Bond pair-bond pair repulsion also works but it is quite less as compared to lone pair-lone pair repulsion.

                        

So, we conclude that the lone pair-lone pair repulsion causes the C-O-H bond to be slightly lesser than the tetrahedral angle.

(3) $(C{H_3})C - O - C{H_3}$ on reaction with HI gives ${(C{H_3})_3}C - I$ and $C{H_3} - OH$ as the main products and not ${(C{H_3})_3} - OH$ and $C{H_3} - I$.
When $C{H_3}C - O - C{H_3}$ reacts with HI, ${I^ - }$ acts as a nucleophile which attacks on ${(C{H_3})_3}^ + $ (tertiary) carbocation to form ${(C{H_3})_3} - I$ and $C{H_3}OH$ .

It does not form ${(C{H_3})_3} - OH$ and $C{H_3} - I$ as product because for such a product carbocation formed should be $C{H_3}^ + $ (primary). But in actuality the carbocation formed is ${(C{H_3})_3}^ + $ .

But we all know that tertiary carbocation is more stable than primary carbocation due to 3 times more inductive effect than primary carbocation. So, when tertiary carbocation of $(C{H_3}){C^ + }$ is formed the products are ${(C{H_3})_3}C - I$ and $C{H_3} - OH$ and not ${(C{H_3})_3} - OH$ and $C{H_3} - I$.
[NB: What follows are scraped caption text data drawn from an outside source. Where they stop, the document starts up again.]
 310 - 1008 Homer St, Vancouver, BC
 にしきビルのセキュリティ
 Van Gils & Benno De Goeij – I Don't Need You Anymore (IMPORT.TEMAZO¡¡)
Note: For (1): Remember that a more stable compound will not lose hydrogen ion easily, so it won't be acidic. But a compound that gains stability after losing a hydrogen ion is acidic. Both of these are different things, don’t get confused.
For (2): Keep in mind that lone pair-lone pair repulsion is higher than bond pair-bond pair and so the angle decreases.
For (3): In such questions always remember what type of intermediate ion will be more preferred to form the final products. Tertiary carbocation is more stable than primary carbocation and not the other way round.